There was a festival with paper statues going on when these images were shot, and you could see them everywhere, in all kind of sizes, depicting fable animals and historic figures.
The area has several gates and buildings, all connected with short streets, open spaces and small pagodas.
This taoist temple was named after a hermit called Wong Tai Sin who had healing powers and could tell the future. So people come here, some with a big bunch of incense sticks and walk to all single small temples to light them, say prayers and wish for a good health or future.
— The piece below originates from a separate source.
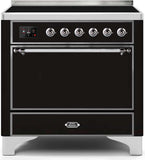 ILVE - 36" Magestic II Series Freestanding Electric Induction Range - Solid Door(s) - Warming Drawer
There are so many incense sticks burning all the time that you get scared of a smoke poisoning. There are water buckets around for security, and helpers take out the burnt-down sticks from the metal boxes they were placed. People also get boxes with bamboo sticks on which numbers are written. They shake the box until one stick falls out completely. This can take a while and you hear the rattling of the sticks all over. The number is read from the stick (usually typed into the cellphone), and then people proceed to an extra building with many fortune tellers that tell them the future.
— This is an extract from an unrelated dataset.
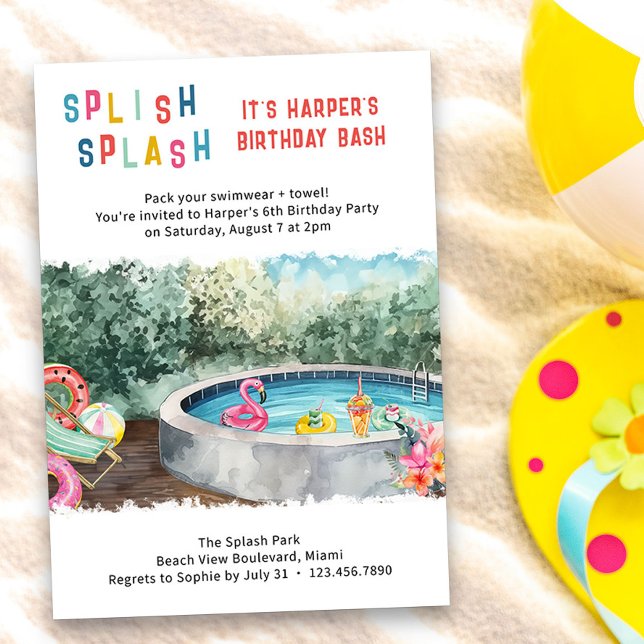 Invitation Splish Splash Anniversaire Enfants Bassin Fête de  (Splish Splash Birthday Bash kids invitation - perfect for waterpark, splash park, pool party etc)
The other areas of the temple are full of small houses which purpose seems unclear, but also very beautiful alcoves and sights that make the temple worth coming here more often to see it in different lights during the year.
The pond on the back of the area with its waterfalls looks somewhat modern and artificial, specially with all those colorful statues of paper around, but its surely a place of quiet in the very noisy Hong Kong.
Some people light so many incense that they, instead of quietly smoking away, catch fire and have to be put on the floor to be spread out until the flames die.